An astonishing 1.5 million road excavations take place every year in the UK. The traffic closures and disruption to businesses are estimated to cost more than £5 billion. But maybe not for too much longer. The UK Government has committed a £26.6 million investment to build microrobots that can help repair the UK’s vast underground pipe network. These robots will not only help to repair underground pipes but also offshore oil and gas pipelines and wind turbines.

Science Minister Chris Skidmore said:

‘While for now we can only dream of a world without roadworks disrupting our lives, these pipe-repairing robots herald the start of technology that could make that dream a reality in the future’.
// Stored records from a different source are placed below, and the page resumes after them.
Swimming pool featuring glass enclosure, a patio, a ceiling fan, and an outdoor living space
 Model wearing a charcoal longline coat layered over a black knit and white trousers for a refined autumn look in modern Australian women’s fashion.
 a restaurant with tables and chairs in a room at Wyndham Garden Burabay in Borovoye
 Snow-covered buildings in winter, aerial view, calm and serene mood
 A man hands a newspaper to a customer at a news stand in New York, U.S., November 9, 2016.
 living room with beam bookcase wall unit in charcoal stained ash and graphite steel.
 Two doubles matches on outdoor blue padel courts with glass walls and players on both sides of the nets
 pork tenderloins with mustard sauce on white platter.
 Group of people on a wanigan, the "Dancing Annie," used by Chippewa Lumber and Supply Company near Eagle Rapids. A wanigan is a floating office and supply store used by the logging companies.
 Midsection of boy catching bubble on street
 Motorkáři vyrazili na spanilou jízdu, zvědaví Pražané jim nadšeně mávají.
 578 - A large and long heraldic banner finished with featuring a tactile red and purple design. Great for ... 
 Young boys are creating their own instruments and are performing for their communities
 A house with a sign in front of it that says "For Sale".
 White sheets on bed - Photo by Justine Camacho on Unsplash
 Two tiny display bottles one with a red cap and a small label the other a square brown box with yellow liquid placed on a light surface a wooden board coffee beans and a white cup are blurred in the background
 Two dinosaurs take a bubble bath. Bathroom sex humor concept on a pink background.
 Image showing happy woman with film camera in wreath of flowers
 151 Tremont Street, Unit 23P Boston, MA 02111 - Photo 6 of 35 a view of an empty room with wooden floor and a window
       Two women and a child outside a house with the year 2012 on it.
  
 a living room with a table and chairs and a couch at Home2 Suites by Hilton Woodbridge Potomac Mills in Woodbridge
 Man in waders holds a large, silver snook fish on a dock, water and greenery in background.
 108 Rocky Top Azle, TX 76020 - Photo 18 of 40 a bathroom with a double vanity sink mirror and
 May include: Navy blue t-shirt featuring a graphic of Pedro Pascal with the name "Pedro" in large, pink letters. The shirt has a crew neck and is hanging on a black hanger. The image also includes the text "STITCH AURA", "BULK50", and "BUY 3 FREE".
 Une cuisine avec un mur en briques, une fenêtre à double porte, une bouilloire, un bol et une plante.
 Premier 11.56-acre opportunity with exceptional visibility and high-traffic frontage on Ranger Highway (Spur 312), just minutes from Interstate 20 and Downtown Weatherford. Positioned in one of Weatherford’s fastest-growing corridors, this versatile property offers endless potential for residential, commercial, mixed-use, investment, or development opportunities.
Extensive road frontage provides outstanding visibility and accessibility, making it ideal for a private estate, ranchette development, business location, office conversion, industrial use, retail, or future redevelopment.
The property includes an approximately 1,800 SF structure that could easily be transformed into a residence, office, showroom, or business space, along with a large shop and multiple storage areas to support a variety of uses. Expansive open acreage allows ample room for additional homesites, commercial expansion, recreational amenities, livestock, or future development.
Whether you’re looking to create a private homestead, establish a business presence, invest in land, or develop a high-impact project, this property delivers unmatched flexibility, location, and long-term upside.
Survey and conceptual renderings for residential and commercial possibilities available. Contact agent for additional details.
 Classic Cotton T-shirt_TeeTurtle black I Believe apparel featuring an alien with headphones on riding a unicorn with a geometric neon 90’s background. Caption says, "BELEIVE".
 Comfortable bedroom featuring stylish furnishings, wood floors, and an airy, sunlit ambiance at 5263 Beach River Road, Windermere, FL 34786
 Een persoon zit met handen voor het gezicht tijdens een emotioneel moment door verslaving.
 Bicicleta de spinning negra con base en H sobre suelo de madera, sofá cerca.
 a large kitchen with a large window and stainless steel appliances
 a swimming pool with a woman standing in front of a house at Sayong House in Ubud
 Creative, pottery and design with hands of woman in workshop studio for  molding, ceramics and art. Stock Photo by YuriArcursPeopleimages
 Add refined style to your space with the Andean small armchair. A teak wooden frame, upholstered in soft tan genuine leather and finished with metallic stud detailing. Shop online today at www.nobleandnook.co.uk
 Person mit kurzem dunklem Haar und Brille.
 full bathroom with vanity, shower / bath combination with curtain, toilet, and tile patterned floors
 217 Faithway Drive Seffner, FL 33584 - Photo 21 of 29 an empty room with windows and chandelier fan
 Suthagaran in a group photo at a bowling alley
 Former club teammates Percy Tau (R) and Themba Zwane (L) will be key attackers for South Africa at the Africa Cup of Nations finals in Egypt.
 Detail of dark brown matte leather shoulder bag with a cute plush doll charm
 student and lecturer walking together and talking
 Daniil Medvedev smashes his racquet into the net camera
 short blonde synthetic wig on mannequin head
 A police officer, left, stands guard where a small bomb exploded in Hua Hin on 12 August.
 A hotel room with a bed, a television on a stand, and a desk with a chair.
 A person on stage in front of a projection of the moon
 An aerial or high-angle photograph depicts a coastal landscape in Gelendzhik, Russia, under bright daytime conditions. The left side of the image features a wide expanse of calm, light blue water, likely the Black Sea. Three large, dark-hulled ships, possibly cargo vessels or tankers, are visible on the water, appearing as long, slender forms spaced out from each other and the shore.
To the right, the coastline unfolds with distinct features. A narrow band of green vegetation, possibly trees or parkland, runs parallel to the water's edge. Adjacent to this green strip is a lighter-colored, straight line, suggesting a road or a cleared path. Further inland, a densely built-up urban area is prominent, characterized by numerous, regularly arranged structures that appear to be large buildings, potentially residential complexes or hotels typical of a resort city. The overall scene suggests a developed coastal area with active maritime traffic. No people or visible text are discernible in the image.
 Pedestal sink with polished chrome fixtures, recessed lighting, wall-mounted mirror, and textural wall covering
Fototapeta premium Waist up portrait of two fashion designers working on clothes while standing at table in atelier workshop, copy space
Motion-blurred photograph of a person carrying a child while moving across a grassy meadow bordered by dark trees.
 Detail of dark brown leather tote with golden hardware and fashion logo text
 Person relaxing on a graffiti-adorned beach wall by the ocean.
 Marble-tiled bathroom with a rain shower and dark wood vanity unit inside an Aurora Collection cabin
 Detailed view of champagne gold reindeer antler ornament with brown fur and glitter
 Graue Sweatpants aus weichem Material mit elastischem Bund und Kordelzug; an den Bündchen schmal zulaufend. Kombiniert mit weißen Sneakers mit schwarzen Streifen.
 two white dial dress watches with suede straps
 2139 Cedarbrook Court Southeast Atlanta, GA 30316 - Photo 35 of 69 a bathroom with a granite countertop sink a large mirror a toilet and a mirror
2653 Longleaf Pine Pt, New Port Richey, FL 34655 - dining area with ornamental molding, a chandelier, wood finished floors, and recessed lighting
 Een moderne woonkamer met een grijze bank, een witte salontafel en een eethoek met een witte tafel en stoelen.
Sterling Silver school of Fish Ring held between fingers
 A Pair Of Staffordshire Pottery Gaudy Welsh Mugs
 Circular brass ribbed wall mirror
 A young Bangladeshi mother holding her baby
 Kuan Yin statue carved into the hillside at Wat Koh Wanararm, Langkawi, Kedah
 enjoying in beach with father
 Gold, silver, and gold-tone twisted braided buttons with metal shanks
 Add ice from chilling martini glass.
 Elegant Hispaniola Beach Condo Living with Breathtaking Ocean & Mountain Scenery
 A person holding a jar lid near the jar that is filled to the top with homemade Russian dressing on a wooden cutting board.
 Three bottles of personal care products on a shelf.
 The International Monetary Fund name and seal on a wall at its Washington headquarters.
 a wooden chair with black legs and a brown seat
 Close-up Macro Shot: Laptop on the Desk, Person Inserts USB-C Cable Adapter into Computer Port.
Although this research project started last year, there are other robots already working on-site. For example, we find robots being used for pipe inspections and small repairs. Sewer Robotics has created robots that are capable of identifying small cracks inside sewer pipes – and to also repair them! It uses an air coupling to connect with UV patching and spot repair packers. They can carry out trenchless pipe repairs inside pipes ranging from 150 to 500mm diameter.

Robots are already repairing pipes in London

Another big innovator in this area is Cadent – the largest gas provider in the UK. They started a £2.5 million project last year to fix underground pipes in London with a robot. Its name is Cisbot, and it has been developed by ULC Robotics. This robot can repair 100 metres of gas mains in seven days. If the same work was to be undertaken by human workers, it would instead take ten weeks. It’s not only 10 times faster, but it also minimises disruption thanks to its trenchless repairs. What’s even more impressive, it improves safety by removing many man-hours on-site and doing the ‘hard work’ for them.

Another significant benefit is that Cisbot can work inside live pipes. Thanks to this feature, Cadent has been able to carry out repairs to multiple pipes in London whilst maintaining the gas supply to neighbours. The robot only needs one excavation to be lowered into the ground and into the gas main. Once inside, it can be controlled remotely by an operator on the surface. When a crack is identified, the robot can inject a sealant and voila! – job done without endless trenches.

The future of pipe repairs with robots

And it seems that Cisbot is just setting the bar for the future of robots and pipe repairs. One of the most exciting and promising projects is the FSWBot – Friction Stir Welding Robotic Crawler. This robot can repair offshore pipes without stopping the associated service flow. It uses innovative technology for friction stir welding. Thanks to this, it generates enough frictional heat to soften the metal without melting it. This, in turn, allows metal components to be forged together at the joint line. The FSWBot is currently being developed by Forth Engineering in Cumbria. The funding comes from Innovate UK and it’s expected to be operational by January 2021.

Peter Routledge, project manager at Forth Engineering said:

‘The project is creating interest in the oil, water, waste, recycling and renewables industries, all looking at how they could apply it to make them more efficient.’

The robot’s pipe repair method is particularly interesting. Once deployed inside a cast-iron pipeline with oil flowing, it will lock itself at the position where the repair is needed. The robot has a turbine within a duct which uses the kinetic energy in the flow of oil to power the milling tool. Once it has accumulated enough energy, the milling tool will cut away the corroded area and put in place a steel patch.

The FSW unit will then weld the patch in place and use the milling tool to ensure it is flush with the pipe. Finally, the robot will deploy Non-Destructive Test packages to inspect the weld for quality assurance. A clean, complete job, without stopping the flow of oil in the pipe. Futuristic? Not really – most likely a reality from next year.